Getting to the Truth about Detroit’s Bankruptcy

In late July, the Detroit Free Press decided to “truth squad” what it described as the nuggets of facts, pseudo-facts, observations, opinions and insights put forth from the national media and commentators of all stripes about the Detroit bankruptcy underway.  Right off, the hometown paper wanted to tackle “two misconceptions” often repeated the past several weeks: The domestic auto industry and Detroit are synonymous, and that bloated pension benefits pushed the Detroit budget into ruin.

Briefly put, the Free Press stated that the auto industry has not been connected financially to the city proper and its operations for decades.  And next, Detroit police and fire pension benefits are modest compared to other major cities such as Los Angeles and Kansas City, Mo.  The article goes on to talk about the complexity of Detroit’s current fiscal crisis concluding “What’s more accurate: Like the fall of Rome or the causes of the Civil War, it wasn’t any one thing but a long, multifaceted process at play.”

I returned to my old hometown area last summer and I’ve found surprising optimism when I network with alumni at my alma mater, Wayne State University – located in the heart of a thriving midtown area.  My own past experience with renewal in some formerly crime-ridden and decaying areas of Brooklyn also makes me see possibility where others see disaster.
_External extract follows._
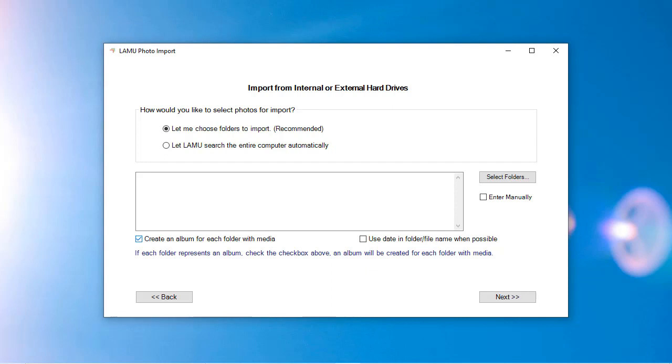When importing photos that are scanned from prints, the photos will not contain information about the original date. You can manually correct the dates after the photos are imported into Lemu. You can also put these scanned photos in folders named using dates. You can then check the option for Use Date in Folder File Name when possible. Lemu will automatically apply the date specified in the folder name to all the photos under the folder. The preferred date format is 4-digit year, 2-digit month, and 2-digit day in numerical format. This way, your folders are sorted correctly in File Explorer. You can use dates like January 1, 2000, too if you prefer. We will have a separate video to demonstrate the techniques for importing scanned photos.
Now a new book from the Brookings Institution Press also sounds an optimistic note on reviving our struggling urban centers across the country – The Metropolitan Revolution: How Cities and Metros are Fixing our Broken Politics and Fragile Economy by Jennifer Bradley and Bruce Katz.  In a recent interview on NPR, Katz echoed the sentiments of the Detroit Free Press that the revival has already begun and adds that it is actually part of a national trend

I hope readers will take a moment to follow both links above and get a clearer picture of my old hometown and see why I refuse to give up hope for the future!